Your background jobs lie to you.

You tell yourself they’re idempotent. You tell yourself retries are safe. Then a Kamal deploy kicks off at 2pm, a 40-minute import job gets 30 seconds to shut down, and the whole thing restarts from row one on the next container. Your users wait. Your database works twice. Your server bill grows.

Rails 8.1 fixes this with a first-class API called ActiveJob::Continuable. Include it in a job, define steps, and if the process dies mid-run, the retry picks up where it left off instead of starting over.

Here’s what changed, why it matters more than it sounds, and exactly how to wire it into jobs you already have.
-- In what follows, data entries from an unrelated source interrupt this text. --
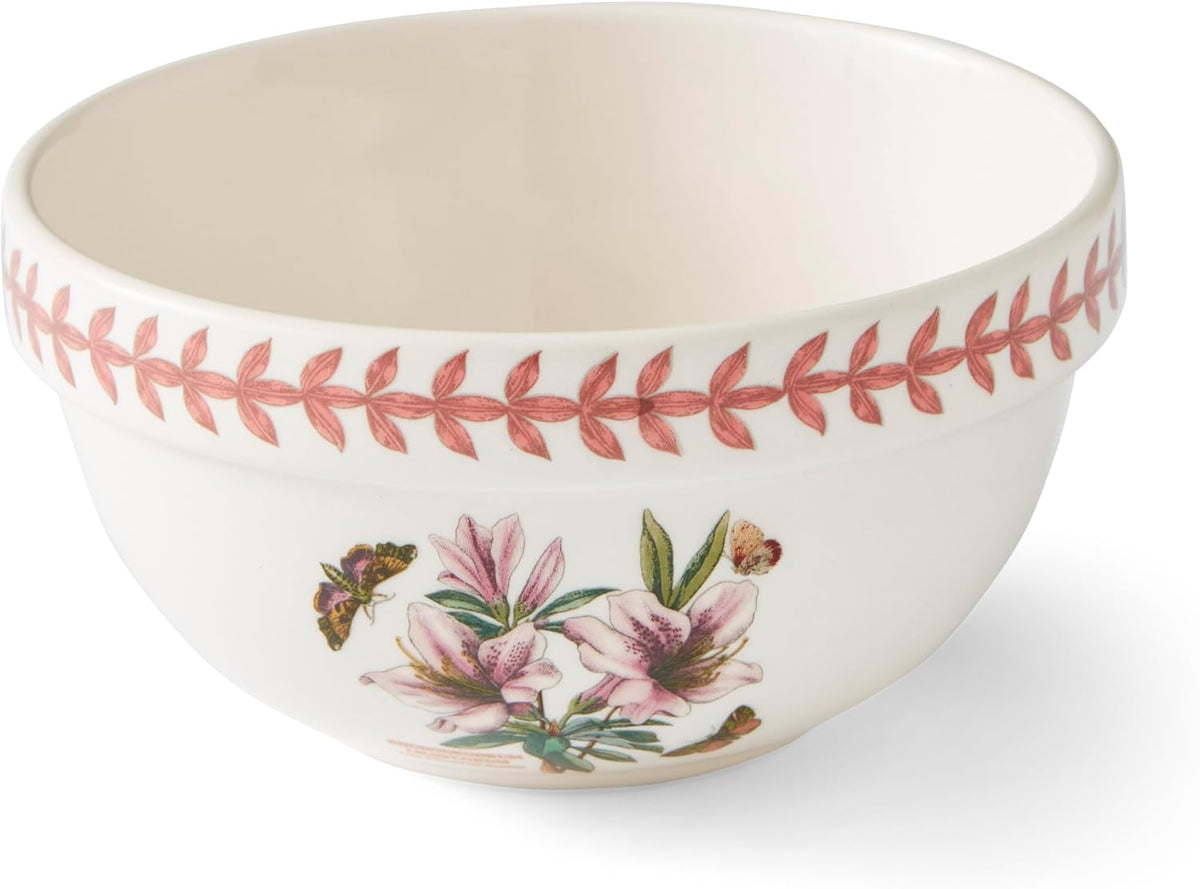 Portmerion Botanic Garden Meadow - 5' Round Stacking Bowl (Set of 6) | Assorted Florals with Colorful Laurel Leaf Border| Earthenware | Microwave & Dishwasher Safe | Home & Restaurant for Daily Use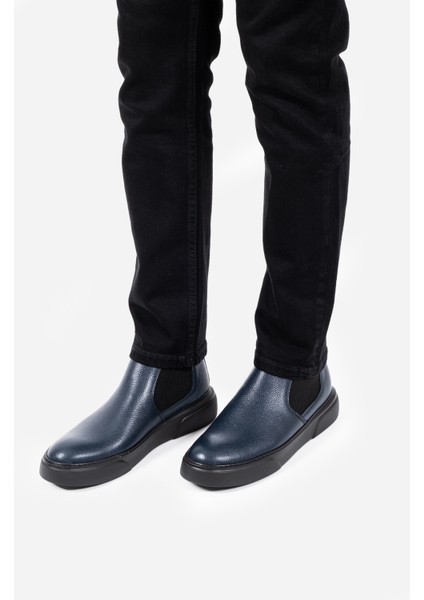 Hakiki Deri Lacivert Ultra Rahat ve Hafif Chelsea Erkek Bot LUASS25AL0026 fiyatları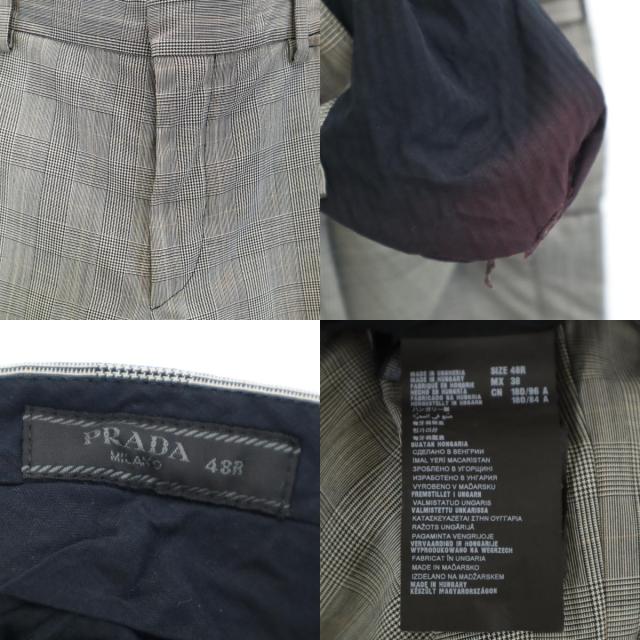 PRADA プラダ ハンガリー製 グレンチェック スラックスパンツ 48R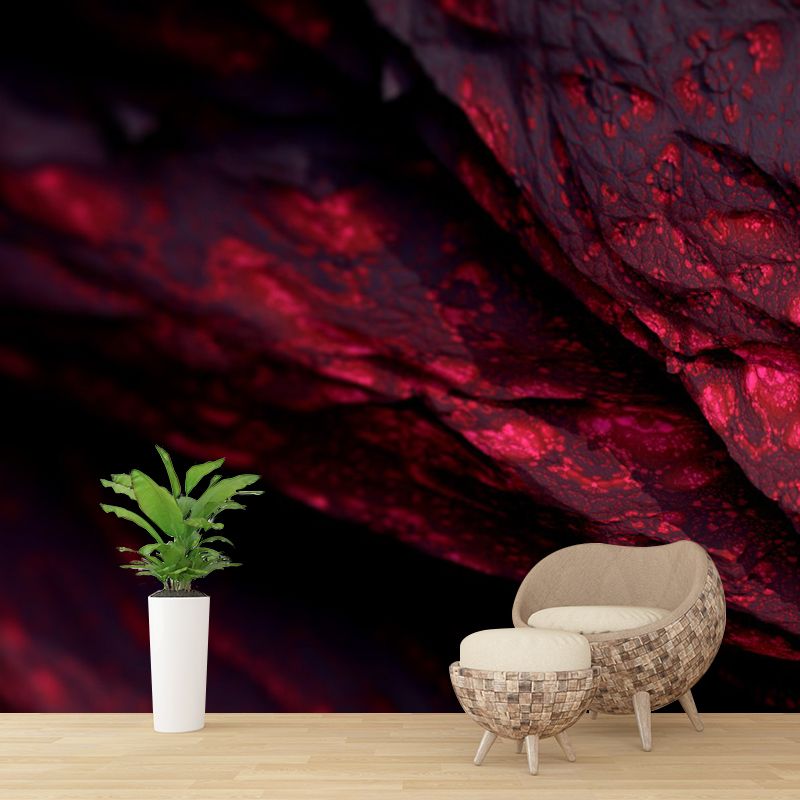 Modern Mountain Mural Wallpaper Red Rock Close-Up View Wall Covering for Bedroom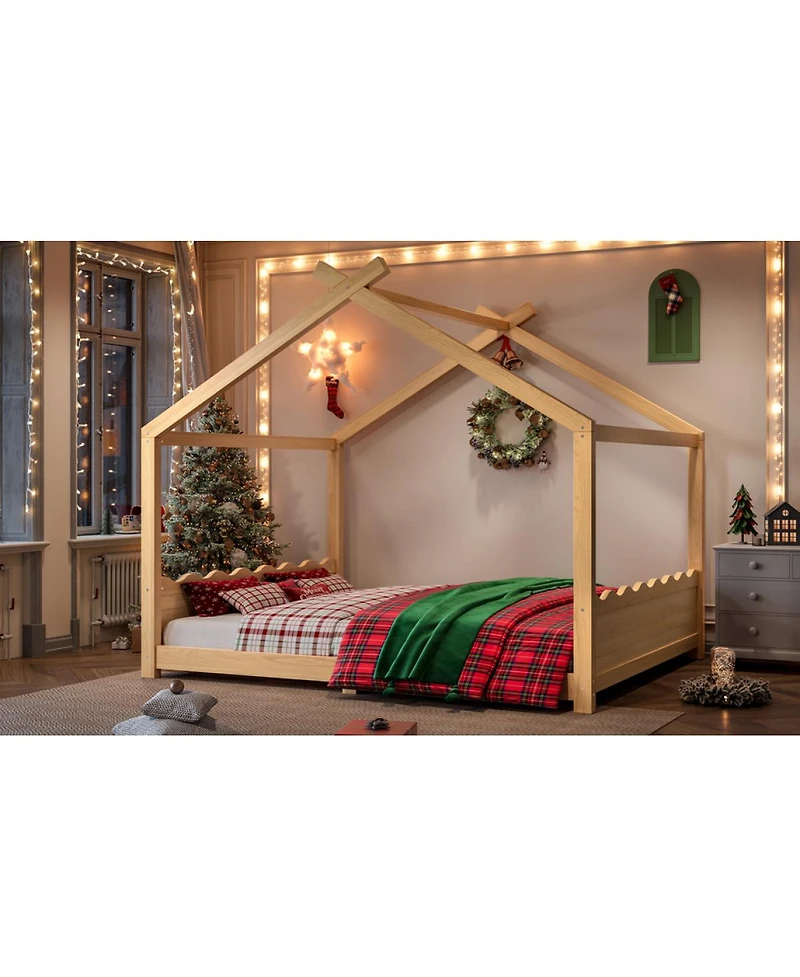 Streamdale Queen House Floor Bed with Solid Wood Frame for Kids, Natural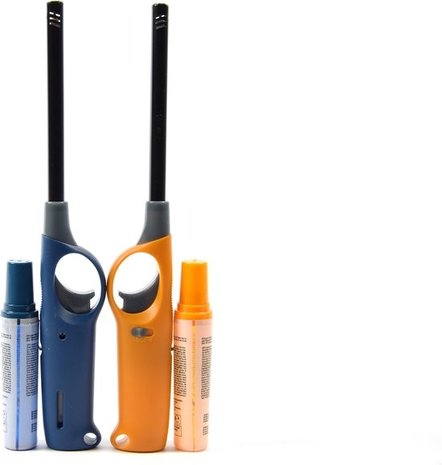 Merkloos Gasaansteker Set met Navulling - 2 Hervulbare Butaan Aanstekers van 25,5 cm Voor BBQ, Kaarsen, Keuken en Outdoor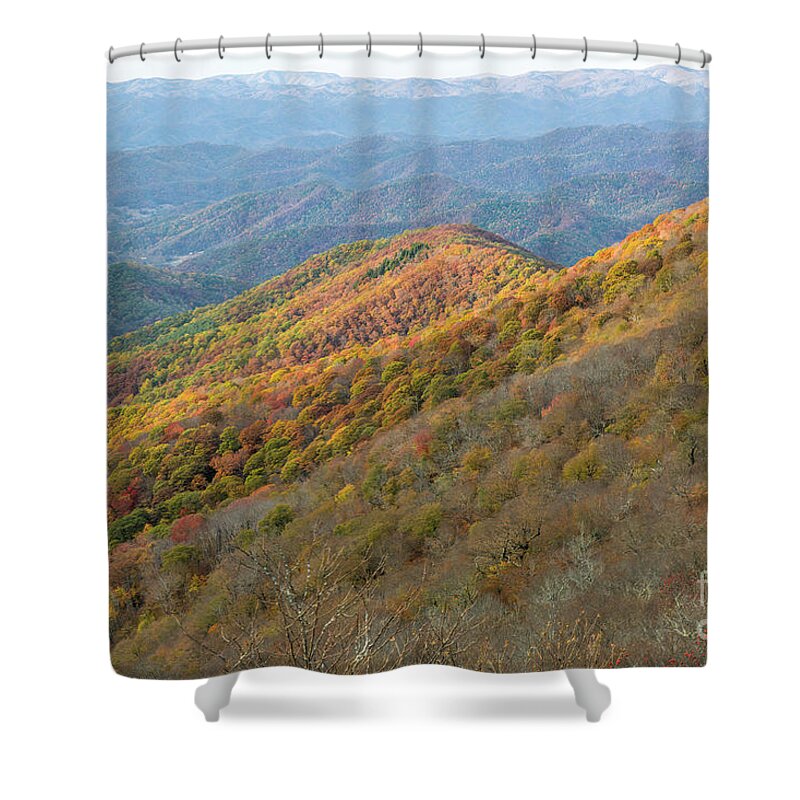Fall Foliage Shower Curtain featuring the photograph Fall Foliage, View From Blue Ridge Parkway by Felix Lai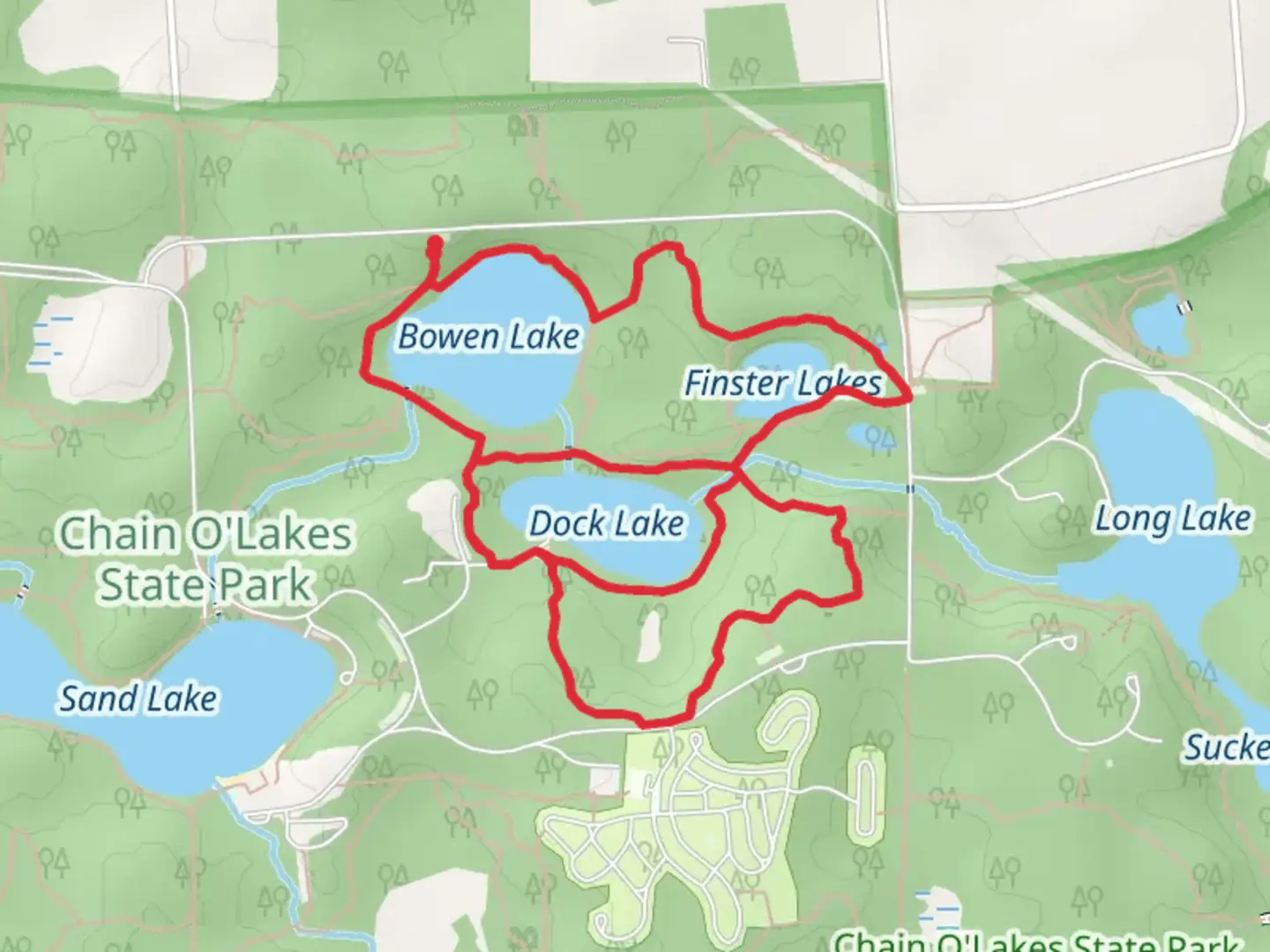 An image depicting the trail Bowen Lake, Finster Lakes and Dock Lake Loop and its surrounding area.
The Problem Rails 8.1 Just Solved #

Before Active Job Continuations, a “safe” long-running job looked like this:

  1. Track your own progress in a database row.
  2. Write custom resumption logic.
  3. Hope your resumption logic handles the step where the interrupt happened.
  4. Get paged anyway, because you forgot one edge case.

Every mature Rails team has written this code. Every mature Rails team has debugged it at 3am. The Rails core team noticed.

October 2025: Rails 8.1 shipped ActiveJob::Continuable. Jobs that include it can define discrete steps. If the job is interrupted mid-run, previously completed steps are skipped on retry. In-progress steps resume from the last recorded cursor.

Custom progress tables and manual resume logic go away. You get checkpoints instead.

The API in 30 Seconds #

class ProcessOrderBatchJob < ApplicationJob
  include ActiveJob::Continuable

  def perform(batch_id)
    step :fetch_orders do
      @orders = Order.where(batch_id: batch_id).to_a
    end

    step :process_orders do |step|
      @orders.drop(step.cursor || 0).each_with_index do |order, index|
        order.process!
        step.advance! from: index
      end
    end

    step :notify_finance do
      FinanceMailer.batch_complete(batch_id).deliver_now
    end
  end
end

Three steps. If the process dies between “process_orders” and “notify_finance”, the retry skips the first two steps entirely and jumps straight to the mailer. If the process dies halfway through “process_orders”, the retry resumes at the exact order index where the cursor stopped.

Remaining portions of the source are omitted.